Records provided:

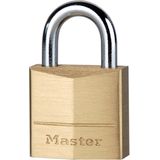 Master Lock 120EURD klein sleutelhangslot van massief messing, goud, 3,4 x 2 x 1 cm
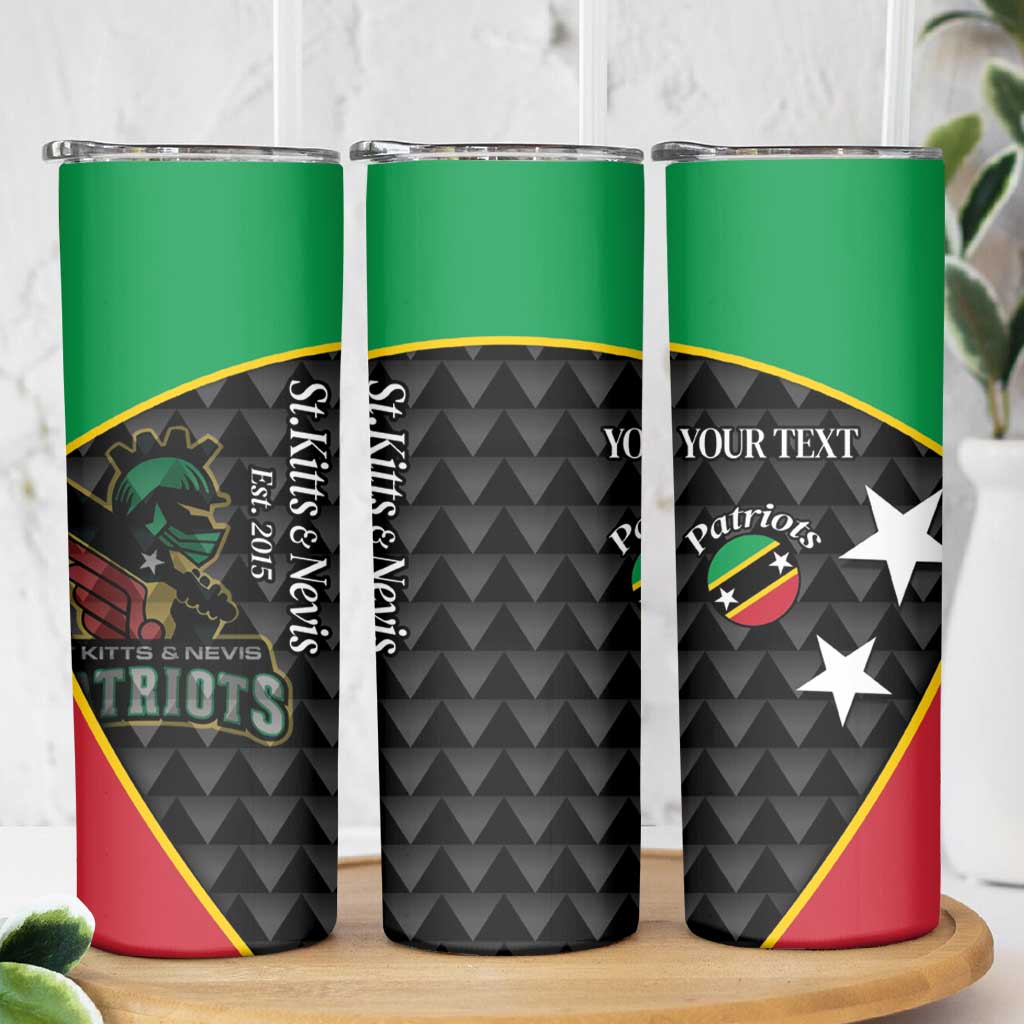 St Kitts and Nevis Cricket Custom Skinny Tumbler 10th Anniversary Go Champions Patriots - Wonder Print Shop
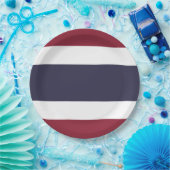 Thailändische Flagge Pappteller (Party)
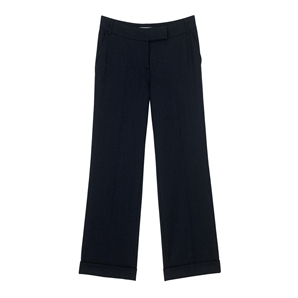 Navy Tess Turn-Up Trousers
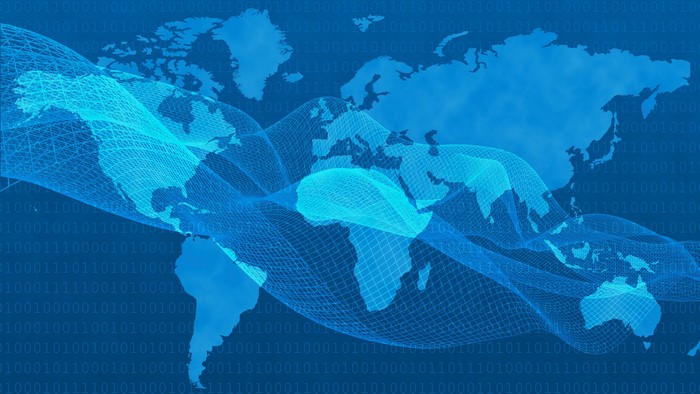 4K World Map Digital Network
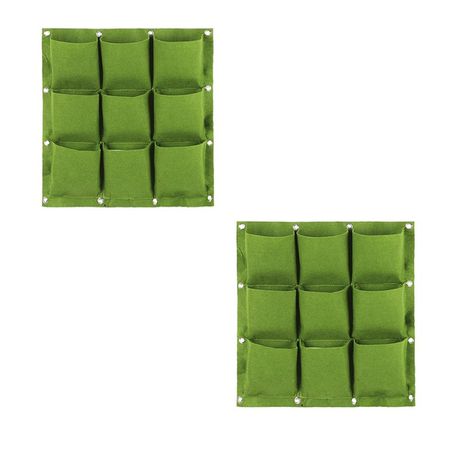 Gardening Vertical Garden 2 sets of 9 Pockets Buy Online in Zimbabwe thedailysale.shop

Task instructions: From the first line to the last, repeat the records exactly and skip the pictures.

Written response:
 Master Lock 120EURD klein sleutelhangslot van massief messing, goud, 3,4 x 2 x 1 cm
 St Kitts and Nevis Cricket Custom Skinny Tumbler 10th Anniversary Go Champions Patriots - Wonder Print Shop
 Thailändische Flagge Pappteller (Party)
 Navy Tess Turn-Up Trousers
 4K World Map Digital Network
 Gardening Vertical Garden 2 sets of 9 Pockets Buy Online in Zimbabwe thedailysale.shop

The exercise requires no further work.